In 1897, at The Duchess of Devonshire’s fancy dress ball, Jennie met George Frederick Middleton Cornwallis, a 23-year-old contemporary of her son’s and fell in love. A handsome man, Jennie married him against protests from family and friends (including Edward, Prince of Wales) in 1900, with her eldest son at her side.

When Edward VII was crowned in 1902, Lady Randolph sat in a special pew in Westminster Abbey, along with other mistresses of the new King. The box was dubbed ‘the loose box’, as Jennie sat alongside the likes of Alice Keppel and Lillie Langtry, but it shows she was still considered a lady of important standing in society.

While title and money had not mattered when she was smitten with Randolph, the widow thought her new beau was to inherit two estates: he was, in fact, broke. George declared himself bankrupt in 1914, and Jennie divorced him, changing her name back to Lady Randolph Churchill.

Jennie was not yet done with marriage, despite being in her early 60s. Montagu Porch, the 32-year-old son of a Somerset landowner, then caught her eye and she married him in 1918 at Harrow register office.

Her death was unexpected: visiting a friend in Somerset, Jennie slipped on the staircase and fractured her leg badly. Gangrene set in and her leg was amputated to save her life; a few months later, in June 1921, a haemorrhage proved fatal.

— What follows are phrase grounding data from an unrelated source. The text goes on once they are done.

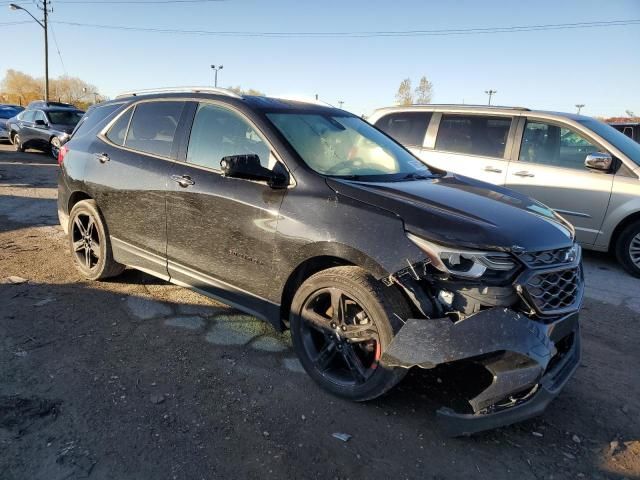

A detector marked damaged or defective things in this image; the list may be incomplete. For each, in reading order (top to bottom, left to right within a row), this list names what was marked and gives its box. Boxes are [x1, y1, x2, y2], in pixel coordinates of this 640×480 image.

damaged black suv [57, 87, 584, 436]
crumpled hood [328, 174, 572, 253]
broken headlight housing [408, 232, 516, 280]
front bumper damage [380, 308, 580, 436]
detached front bumper [380, 310, 580, 436]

Winston, who had found a loving wife and no longer sought his mother’s affection, wrote of her death: “I do not feel a sense of tragedy but only loss. Her life was a full one. The wind was in her veins.”

Porch returned from abroad too late to see his wife one last time, and only had her debts to keep him company.

Jennie Jerome, another of the Dollar Princesses, asked to be buried alongside her first husband, who brought her into the British aristocracy and elite society. She is buried in Bladon, Oxfordshire, near her first English home of Blenheim.

Winston Churchill went on to become one of the most famous politicians in British history, leading the country through the Second World War, as his mother instilled a sense of importance and leadership in her son.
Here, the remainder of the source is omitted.